Use speed:"fast" on Claude Opus 4.8 for up to 2.5x faster output, with a safe rate-limit fallback.

Claude Opus 4.8 Fast Mode: 2.5x Faster Output in Python

Anthropic shipped Claude Opus 4.8 on May 28, 2026, and a few days later quietly turned on something a lot of agent builders had been waiting for: fast mode for the 4.8 tier. Set one field, speed: "fast", and you get up to 2.5x higher output tokens per second from the exact same model weights. No quality trade-off, no distilled mini-model, just faster generation.

Why does this matter right now? Opus-tier intelligence has always been the slow lane. When you run Opus inside an agent loop that emits long diffs, multi-step plans, or big structured JSON, the bottleneck is rarely the thinking, it is the time spent streaming hundreds or thousands of output tokens back to you. Fast mode attacks exactly that. For latency-sensitive products like live coding assistants, support copilots, and anything a human is watching token-by-token, this is the difference between "usable" and "painful."

This guide is hands-on. You will make your first fast-mode call, measure the real speedup yourself, build a production-safe fallback for when you hit the fast-mode rate limit, and combine fast mode with the effort parameter so cheap agent steps stay snappy. Every code sample is checked against the official Anthropic docs. There are real gotchas (fast mode does not reduce time-to-first-token, and it is a research preview behind a waitlist), and they are all covered below.

Prerequisites

  • Python 3.9+ and the official Anthropic SDK: pip install -U anthropic (you want a recent build that knows about speed and betas).
  • An Anthropic API key in the ANTHROPIC_API_KEY environment variable.
  • Fast-mode access. It is a beta research preview with a dedicated waitlist at claude.com/fast-mode. Until your org is granted access, fast requests return an error, so the fallback pattern in this guide is not optional.
  • Comfort with the Messages API. If you have called client.messages.create(...) before, you are ready.

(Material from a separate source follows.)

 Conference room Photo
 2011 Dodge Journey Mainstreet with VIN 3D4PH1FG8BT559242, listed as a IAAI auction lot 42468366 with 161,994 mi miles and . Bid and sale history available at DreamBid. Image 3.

Set your key once in the shell:

export ANTHROPIC_API_KEY="sk-ant-..."
pip install -U anthropic

What fast mode actually is (and is not)

Fast mode runs the same model with a faster inference configuration. The weights, the behavior, and the answers are identical to standard Opus 4.8. You are not switching to a smaller or dumber model. You are paying a premium to have Anthropic serve your request on a faster path.

The single most important thing to understand is what gets faster. The speedup is measured in output tokens per second (OTPS), not time to first token (TTFT). Claude still takes roughly the same time to start replying; once it starts, the tokens stream out up to 2.5x faster. So fast mode helps most on responses with lots of output: long code generations, big JSON payloads, detailed multi-step plans. It does almost nothing for a one-line answer.

  • Same intelligence: identical weights and behavior, not a different model.
  • Up to 2.5x OTPS: the benefit is throughput on output, not startup latency.
  • Premium pricing: fast mode is billed at 6x standard Opus rates across the full context window (the published fast-mode rate is $30 / MTok input and $150 / MTok output; confirm the exact Opus 4.8 preview number on the pricing page).
  • Research preview: beta, waitlisted, with its own separate rate limits.
  • Not everywhere: not available on the Batch API, Priority Tier, or Claude Platform on AWS.

Step 1: Your first fast-mode call

Fast mode is a beta feature, so you call it through client.beta.messages.create and pass the beta flag fast-mode-2026-02-01 plus speed="fast". Note that Opus 4.8 does not accept temperature, top_p, or top_k (setting any of them returns a 400), so we leave them out.

import anthropic

client = anthropic.Anthropic()  # reads ANTHROPIC_API_KEY

response = client.beta.messages.create(
    model="claude-opus-4-8",
    max_tokens=4096,
    speed="fast",
    betas=["fast-mode-2026-02-01"],
    messages=[
        {
            "role": "user",
            "content": "Refactor this Flask view to use dependency injection. "
                       "Return only the rewritten module.",
        }
    ],
)

print(response.content[0].text)

# Confirm which speed actually served the request:
print("served at:", response.usage.speed)   # "fast" or "standard"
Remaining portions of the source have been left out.